Free-text object descriptions:
Segment Open

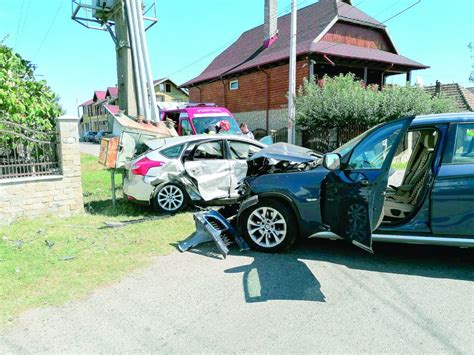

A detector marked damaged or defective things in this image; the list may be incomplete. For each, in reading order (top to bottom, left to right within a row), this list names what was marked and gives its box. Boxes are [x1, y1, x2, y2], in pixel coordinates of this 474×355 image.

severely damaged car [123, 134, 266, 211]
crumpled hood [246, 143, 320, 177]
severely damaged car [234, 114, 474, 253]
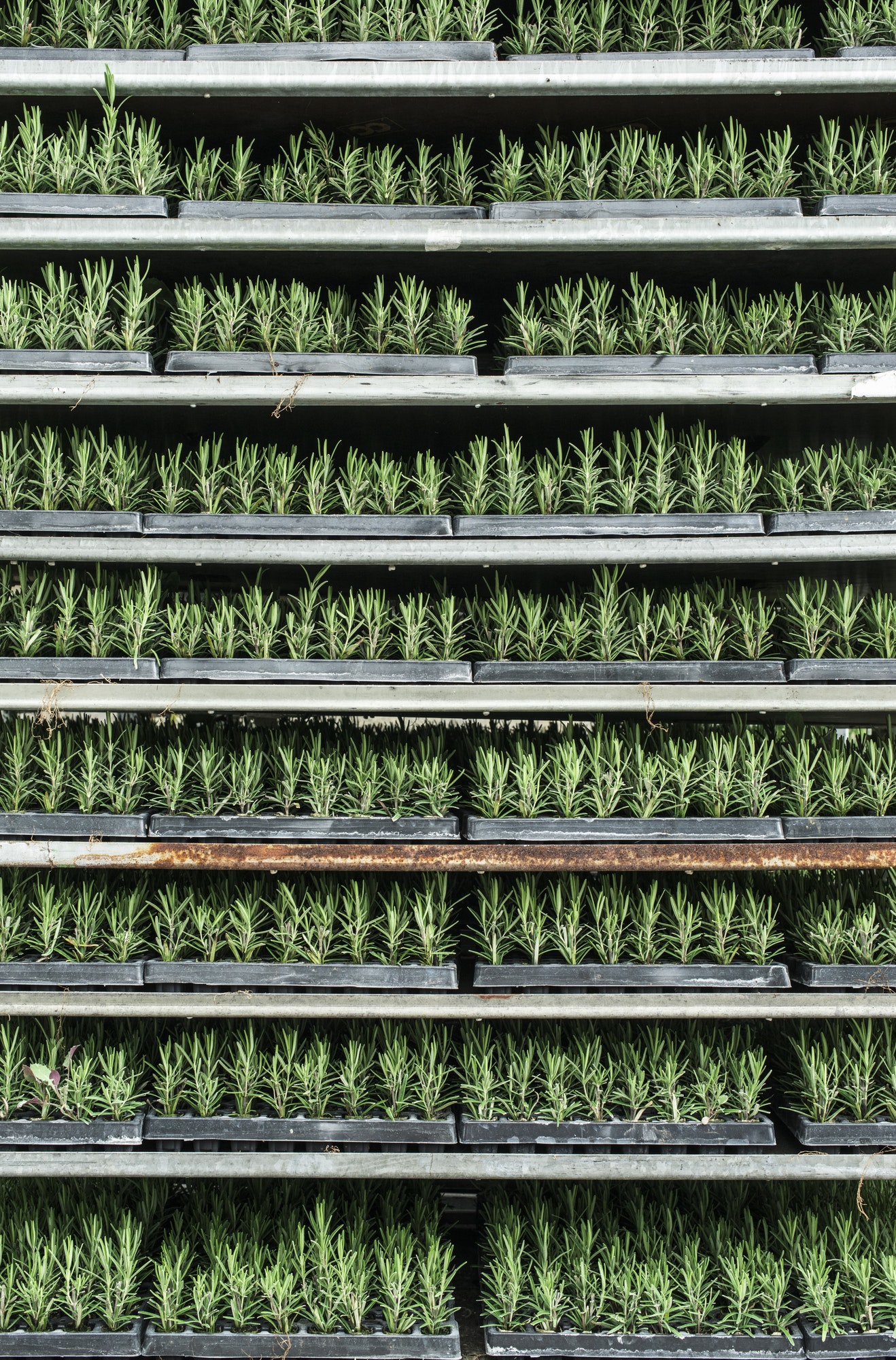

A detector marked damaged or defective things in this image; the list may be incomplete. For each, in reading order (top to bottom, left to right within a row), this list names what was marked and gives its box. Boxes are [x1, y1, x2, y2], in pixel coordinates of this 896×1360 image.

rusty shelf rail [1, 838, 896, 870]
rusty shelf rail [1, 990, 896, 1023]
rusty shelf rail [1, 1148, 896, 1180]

Segment Closed

§ **Description of the task**
Starting at the line that contains "this 896×1360 image.", return every line through the last one above, exactly as written.

§ **Finished task**
A detector marked damaged or defective things in this image; the list may be incomplete. For each, in reading order (top to bottom, left to right within a row), this list names what was marked and gives its box. Boxes are [x1, y1, x2, y2], in pixel coordinates of this 896×1360 image.

rusty shelf rail [1, 838, 896, 870]
rusty shelf rail [1, 990, 896, 1023]
rusty shelf rail [1, 1148, 896, 1180]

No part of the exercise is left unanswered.